There is a reason HB2 continues to make headlines. The legislation forces transgender students in public schools to use restrooms and other facilities inconsistent with their gender identity, putting 4.5 billion dollars in federal education funding alone at risk. It also compels the same type of discrimination against transgender people to take place in publicly-owned buildings, including in public universities, convention centers, and airports. HB2 has eliminated existing municipal non-discrimination protections for LGBT people and prevents such protections from being passed by cities in the future.It also eliminated the ability of North Carolinians to be able to sue if they experienced discrimination in the workforce, including on the basis of race, religion, national origin and sex.
The New York Times editorial board even called North Carolina a “pioneer in bigotry.”
Here’s a breakdown of what you need to know about recent developments related to HB2 in the Tar Heel State:
Last week, the U.S. Department of Justice (DOJ) determined that North Carolina’s discriminatory HB2 violates federal civil rights law, including Title VII of the Civil Rights Act of 1964 and Title IX of the Education Amendments Act of 1972. The DOJ warned North Carolina officials that they had until Monday to stop complying with the anti-transgender law, or risk millions in federal funding and, potentially, a federal lawsuit.
But when Monday rolled around, Governor McCrory doubled down on discrimination, suing to defend HB2 in court. His costly and reckless lawsuit against the DOJ is just the latest in his desperate attempt to defend HB2, its heinous provisions, and the state’s reputation.

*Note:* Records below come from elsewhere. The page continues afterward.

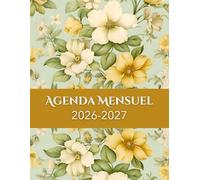 Agenda Mensuel 2026-2027: 2 Ans - du Premier Janvier 2026 au 31 Décembre 2027 - Planning Mensuel - Organisation Personnelle et Professionnelle - Grand Format A4 - Couverture Mate.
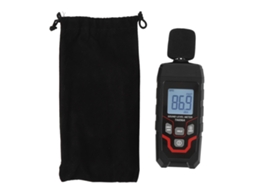 Medidor de Decibéis Portátil, LCD, 30-130dB, Precisão ±1.5dB | S/MARCA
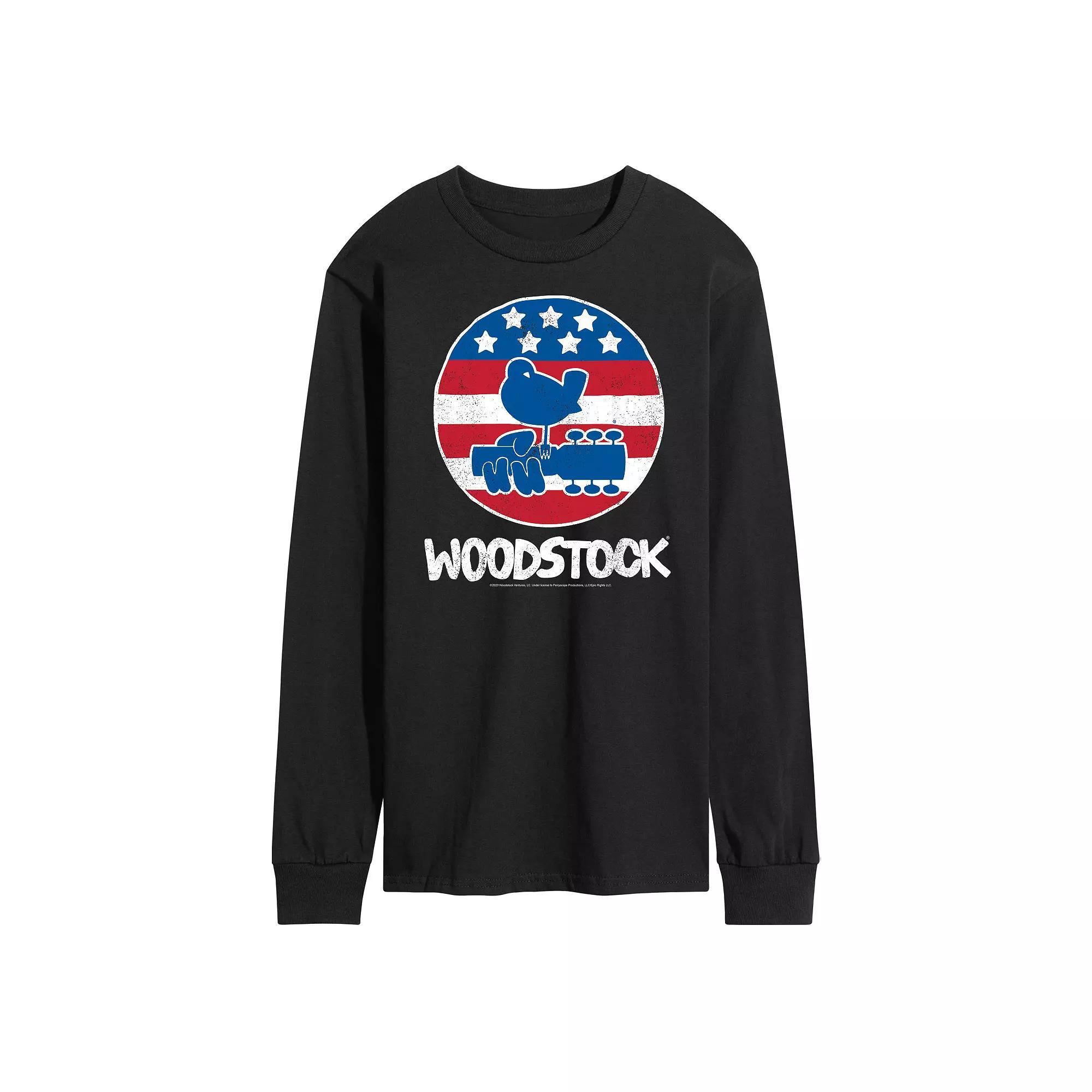 Men's Woodstock Americana Long Sleeve Graphic Tee,  Product Image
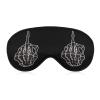 Fuck Middle Finge Skull Sleep Mask Soft Blindfold Portable Eye Mask with Adjustable Strap for Men Women view 1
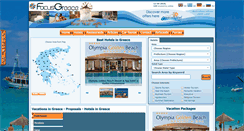 Desktop Screenshot of focusgreece.com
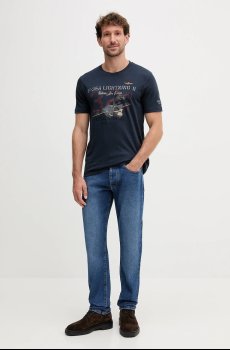 Хлопковая футболка Aeronautica Militare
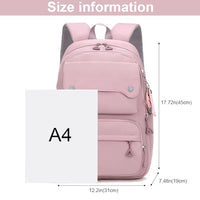 PALAY® Fashion Backpack Student Shoulder Backpack Fashion Pink Travel Backpack Laptop Backpack Multi-pouches 26L Large Capacity School Backpack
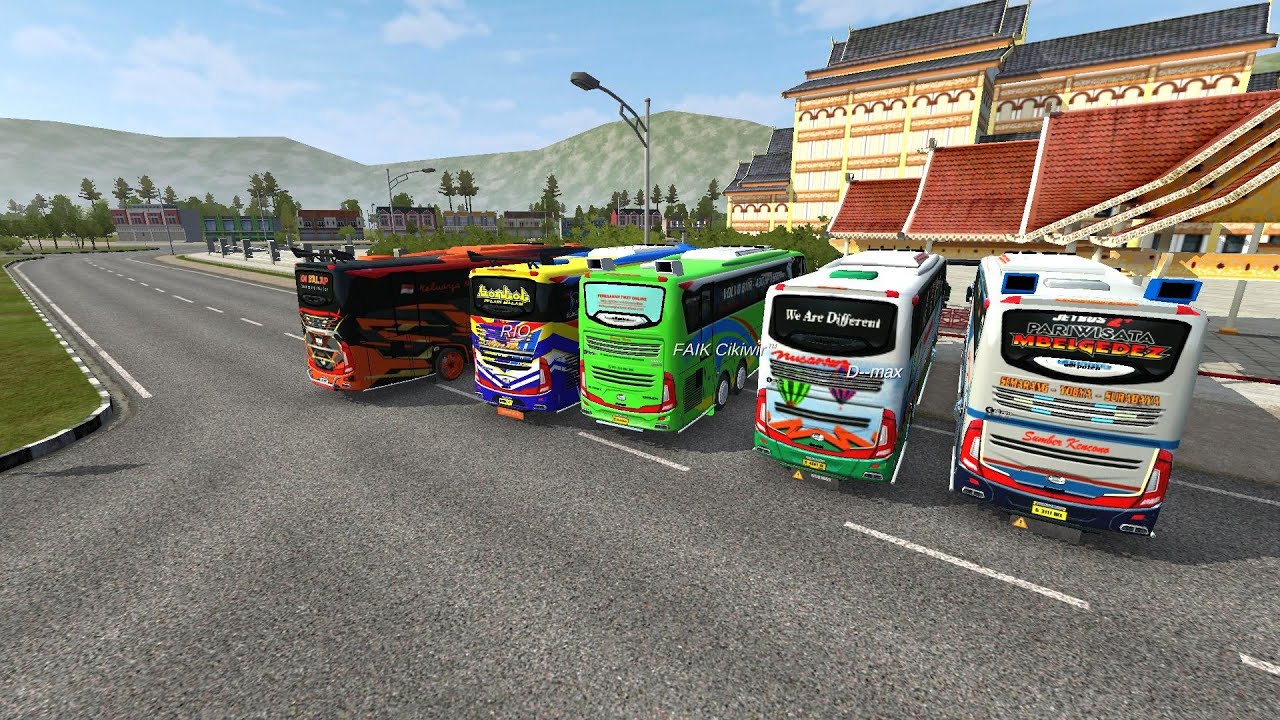 Tronton bussid v361 lari pagi bersama @gembelnecis77 @faikcikiwir6285 dkk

Hours later, U.S. Attorney General Loretta Lynch announced that the U.S. DOJ has filed a lawsuit against Governor McCrory, the state’s Department of Public Safety and the University of North Carolina and its Board of Governors, declaring HB2 “impermissibly discriminatory.” The DOJ also asked the judge to prohibit the state from enforcing HB2’s anti-transgender provisions.
Attorney General Lynch’s historic response to McCrory and HB2 was direct, unequivocal and moving. “This is about the dignity and respect we accord our fellow citizens and the laws that we, as a people and as a country, have enacted to protect them – indeed, to protect all of us,” she said. “And it’s about the founding ideals that have led this country – haltingly but inexorably – in the direction of fairness, inclusion and equality for all Americans.”